Regarding the comment:

"I would be happy to. To clarify, what happened originally was that I had a VMWare VM running RHEL. Due to a problem with importing VMs directly into VMWare Workstation I decided to just pull the VM's hard drive from ESXi and onto a new VM in VMWare Workstation. However, when I attempt to boot the VM, I am able to successfully load GRUB and subsequently dracut, but dracut fails to find the root file system. This is strange because one would expect that if dracut could load, the system would also be able to find the root file system."

When you install RHEL, dracut generates an instance of initramfs which only contains the drivers necessary to be compatible with the hardware on which the OS was installed.
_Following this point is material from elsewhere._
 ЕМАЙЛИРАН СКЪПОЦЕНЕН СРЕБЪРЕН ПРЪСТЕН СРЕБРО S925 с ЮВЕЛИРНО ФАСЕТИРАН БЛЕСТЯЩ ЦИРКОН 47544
When I moved my RHEL instance's hard drive from ESXi on one set of virtual hardware to VMWare Workstation, a different set of virtual hardware, the initramfs associated with the kernel no longer had the appropriate set of drivers required to find and load the root file system.

To fix the problem, before you move the hard drive, you need to run dracut --force --no-hostonly. To quote https://fedoramagazine.org/initramfs-dracut-and-the-dracut-emergency-shell/

The force parameter tells dracut that it is OK to overwrite the existing initramfs archive. The no-hostonly parameter overrides the default behavior of including only drivers that are germane to the currently-running computer and causes dracut to instead include all drivers in the initramfs.

This means that dracut will now be "bloated" and have all the applicable drivers required for when the hard drive is moved. After you finish moving the hard drive you have to rerun dracut with dracut --force to regenerate a lightweight version of dracut.